Proxy Variables And Measurement Error Flashcards
Why are proxy variables used?
They are used in place of explanatory variables we cannot observe and/or don’t have sufficient data on
What would we expect from proxy variable?
Would expect proxy variable to be highly correlated with the omitted variable
Assumptions necessary for proxy variable method?
- u uncorrelated with x1, x2 and x3*.
- corr(x3,u)=0
- corr(x1,v3)=corr(x2,v3)=0
What does it mean if corr(x3,u) is not =0
If the original error and proxy variable are correlated it would mean that the proxy variable should be included in the original regression in its own right
- when corr(x3,u)=0 means if x3* was available it should not be included in the regression
- I.e x3 should not have a separate influence on y
What does it mean if the error term in the x3* regression (v) is correlated with x1,x2?
If v is correlated with x1 and x2 they would have to be included in the regression of x3* for the omitted variable
- Note: v also has to be uncorrelated with x3 to satisfy ZCM
- if v is correlated with x1 and x2 it will lead to biased estimators
- hopefully the bias is smaller than OBV from not including proxy
If all additional assumptions hold what does this mean for regression model?
- combining the two regressions (original + x3* regression)
- in the new regression model the error term is uncorrelated with all explanatory variables
- coefficients will be correctly estimated using OLS
- coefficient will correctly identified for x1 and x2
What else can be used as proxy variables?

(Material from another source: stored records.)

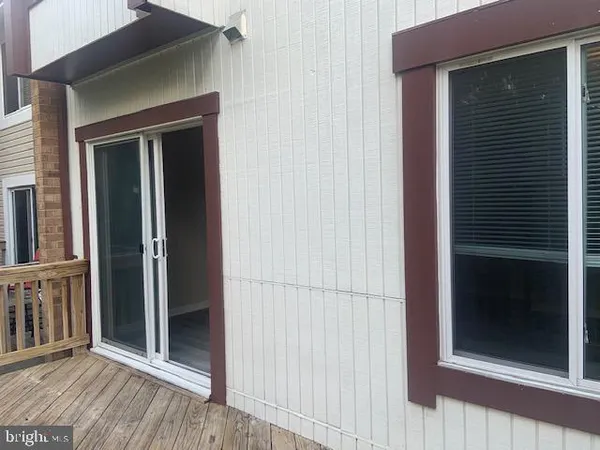 $2,450 | 2804 Cambridge Drive, Woodbridge, VA 22192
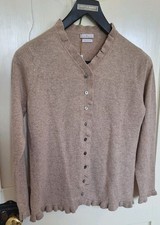 House of Bruar,Cashmere &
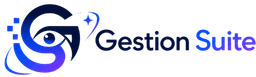 Gestion Suite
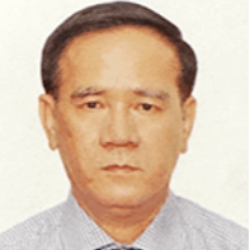 Nguyễn Đông Dần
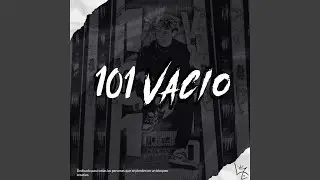101 Vacio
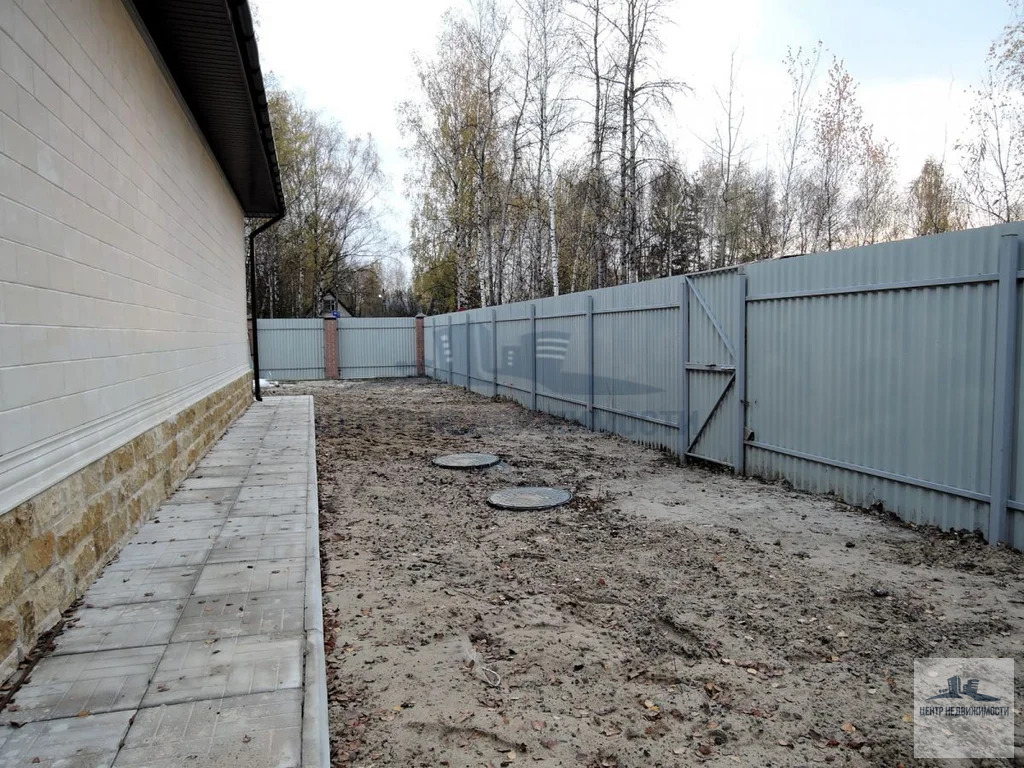 Продажа, дом 136.80 кв.м, участок 6.01 соток - Фото 18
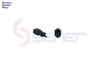Fren Otomatiği Focus C.Max 04> Connect 02> Oep 3M5T 13480 AC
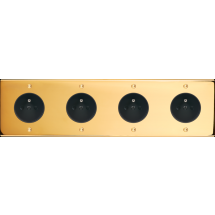  LT DORE QH PC PC PC PC A VIS 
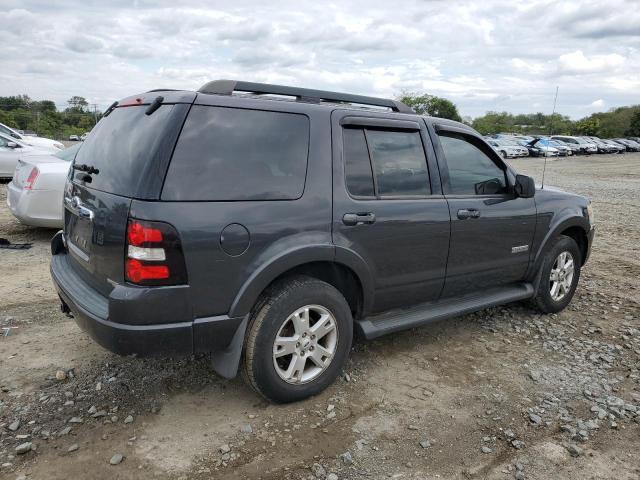 Photo 2 VIN: 1FMEU73E87UA36480 - FORD EXPLORER X 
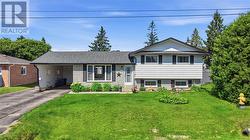 3089 Marie Avenue  Val Caron, ON P3N 1C2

- omitted observed factors may be proxied by the values of the dependent variables from an earlier time period
- I.e including crime rate from previous period as an explanatory variable in regression for crime in present period
What does measurement error in dep. variable equal?
e0 = y - y*
I.e measurement error = mismeasured (observed) - actual value
Note: we don’t know actual value only see observed/mismeasured value and assume measurement error
What happens to regression when measurement error is included?
y=y*+e0
y=b0+b1x1+b2x2+…….+bkxk+ (u + e0)
Along with MLR1-4 what else must hold in order for estimated regression with measurement error to give unbiased and consistent estimators?
- cov(e0,Xj) = 0 - measurement error must be uncorrelated with all explanatory variables
- cov(e0,u)=0-measurement error uncorrelated with error term
- E(e0)=0 - expected value of measurement error = 0
What happens to overall variance in estimated regression with measurement error?
-overall variance is increased
What does mismeasured explanatory variable equal?
x1=x1*+e1
- mismeasured explanatory variable = actual value + measurement error
What happens to regression equation when measurement error for an explanatory variable is included?
y=b0+b1x1+…..+bkxk+u
x1=x1-e1
y=b0+b1x1+…..+bkxk + (u-b1e1)
What must be assumed in order for estimators to be unbiased and consistent when measurement error for explanatory is included in the regression?
- MLR 1-4 must hold
- E(e1)=0
- E(u)=0
- cov(x1,u)=0
- cov(x1*,u)=0
- cov(x1,e1)=0
What is the Classical Errors-in-Variables (CEV) Assumption?
Cov(e1,x1*)=0